TV series based on geo-politics are usually for people who don’t know the difference between Shia and Sunni and don’t have the inclination to know it either. A prime example is the American series Homeland, which is good, simple-minded fun with wham-bang action, and whose protagonist suffers from a superiority complex, something US citizenship bestows automatically, I guess.
However, a couple of international series that I devoured recently show that apart from showing action with style and brio, there can be decent dialogue around it. Eric Rochant’s French TV series The Bureau is more of a talk fest than a framework for mindless action crisscrossing whole Europe and Arab nations. Imagine a modern-day John le Carré novel set in Paris written by someone who knows his Samuel Huntington from his Ben Taub and you have this riveting series. Set in the DGSE, the country’s external intelligence agency, the series has Mathieu Kassovitz as its most accomplished mole whose mission in Syria gets precarious for the agency on multiple levels. The most beautiful thing about this irresistible series set during the Hollande regime is that it will appeal to those who pore over the reportage from places of iniquity in The New Yorker, Der Spiegel, the New York Review of Books and other such esteemed publications.
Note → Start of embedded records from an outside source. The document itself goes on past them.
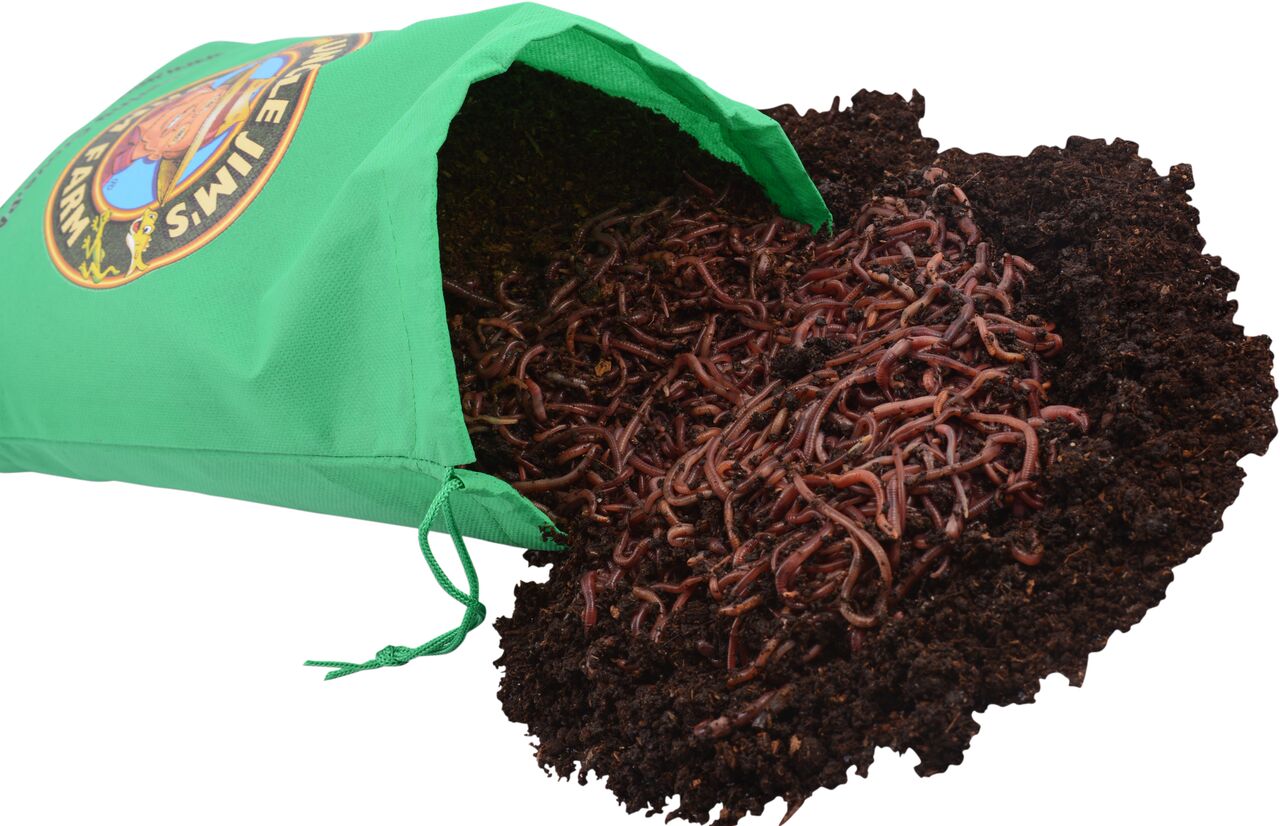 where to buy worms near me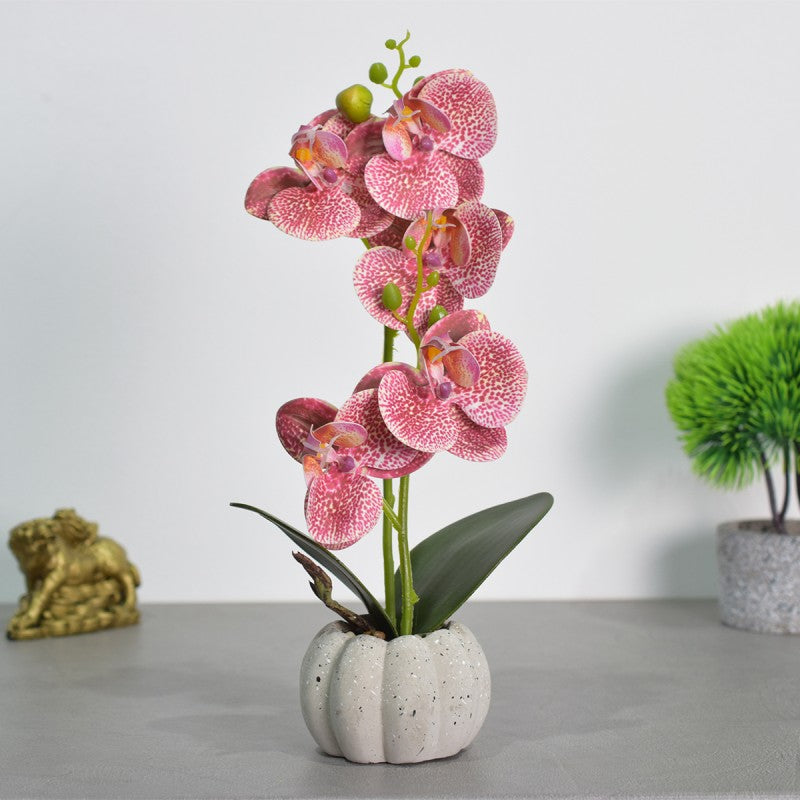 Pachet: 3 x Orhidee cu aspect natural în ghiveci ceramic, 30 cm, diverse culori ❘ D4856
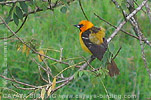 Streak-backed Oriole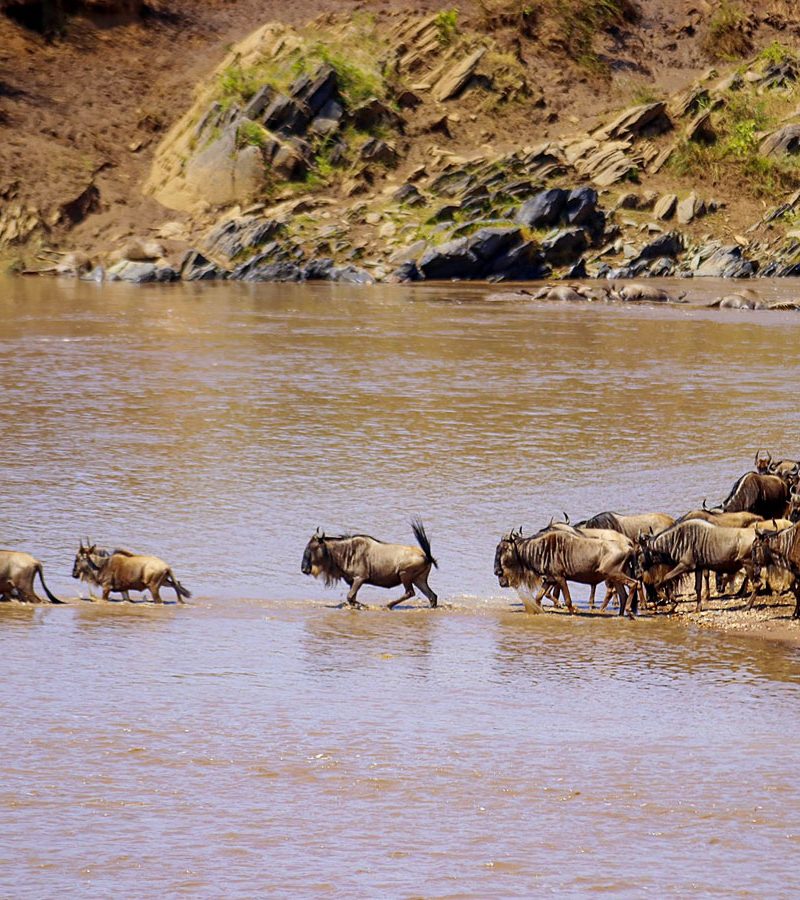 7-days-tanzania-wildebeest-migration-safari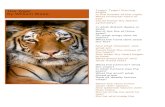 Weebly Web view The Tyger By William Blake Tyger! Tyger! burning brightIn the forests of the night,What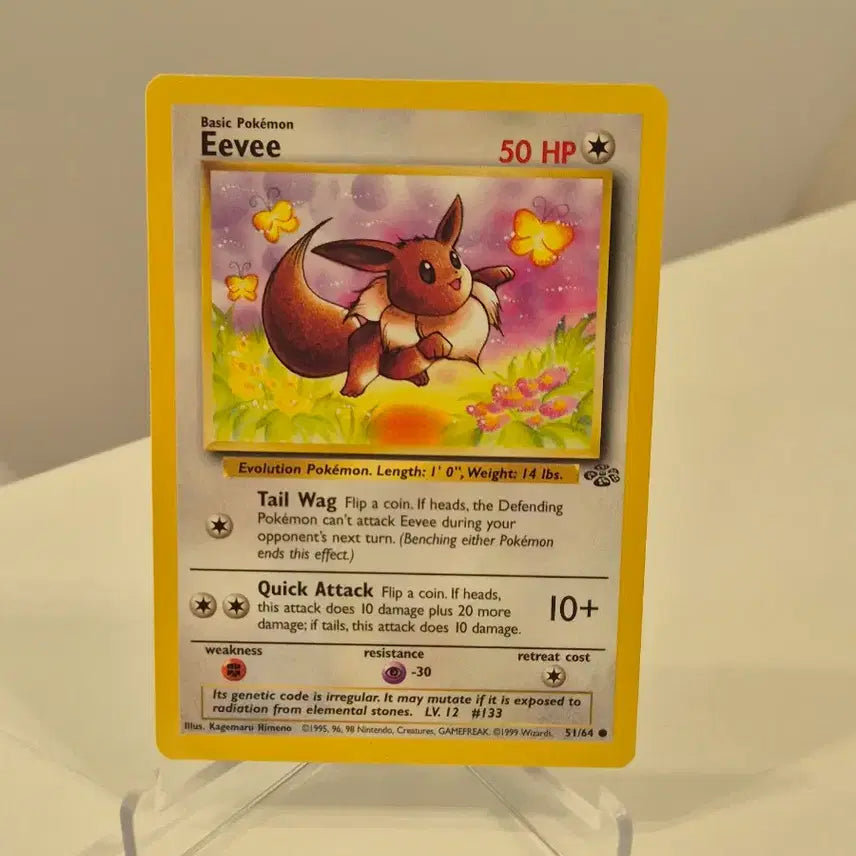 [BUNJANG] Pokemon Cards Bundle Set (North American Edition) / 북미 포켓몬카드 블래키 등 22개 일괄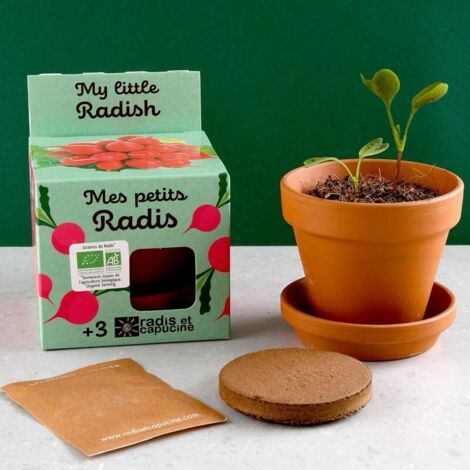 Kit plantation - Radis bio - 8cm (1/5)
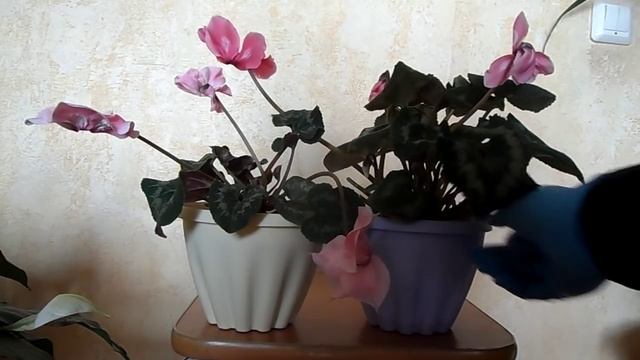 Цикламены в домашних условиях. Особенности выращивания и цветения.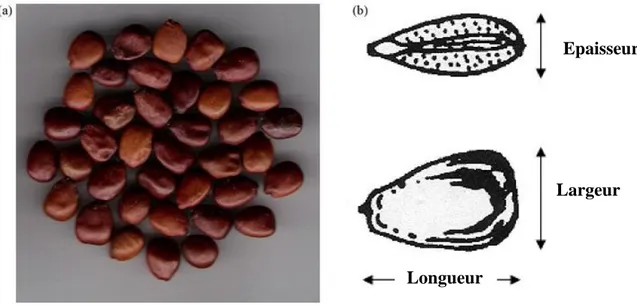 Figure 3 : Les graines du caroubier (a) schéma général et (b) caractéristiques  dimensionnelles (Karababa et Cokuner, 2013)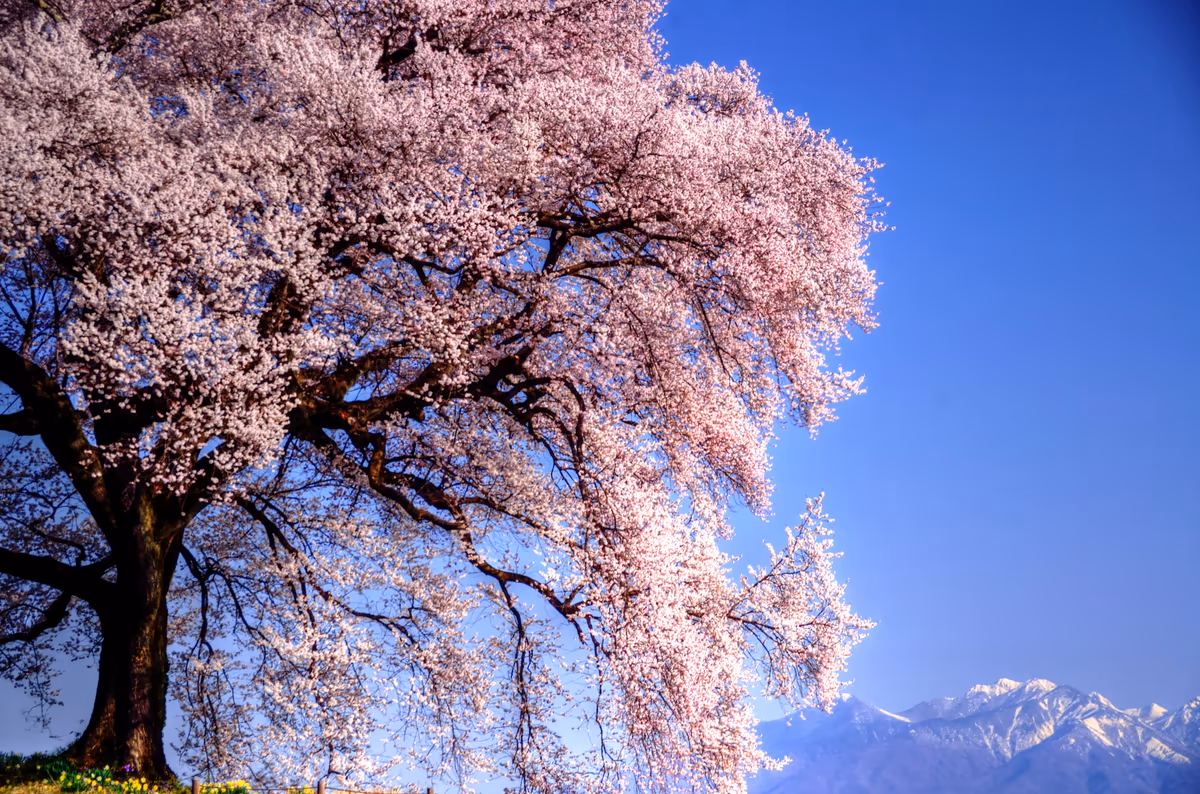 投稿写真：わに塚桜と八ヶ岳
Nothing in The Bureau seems straight out of the Kathryn Bigelow playbook and nuances are given the respect they deserve. Compared to this Rembrandt-esque work, Zero Dark Thirty comes across as a Damien Hirst monstrosity. Even the torture scenes are more Cold War than Abu Ghraib. Why does there have to be waterboarding when truth can be extracted by getting the person drunk on a full bottle of the finest whisky? There’s also deadpan humour, which makes the series doubly delicious.
“Al Qaeda spend more time on Koran and less time on Twitter, unlike ISIS,” says an Al Qaeda sympathiser. All the operatives have their code names from Tintin.
Of course, unlike The Bureau, historical inaccuracies abound in Fauda (chaos in Arabic). In the second season, it gets a little more far-fetched with ISIS raising its dreaded hood even in Ramallah and Nablus. The show is also very biased in its myopic view of Palestine while completely ignoring the ham-fisted way the Israeli state treats the Arabs. Anyone who takes even a cursory look at news knows that Israel doesn’t hold any punches when dealing with protesting Palestinians.
But Fauda’s writers are busy painting them as evil and their sympathy lies with the IDF snipers. The series is gorgeously mounted and rompingly performed, but what could have been a topical, intelligent drama becomes dazed and confusing.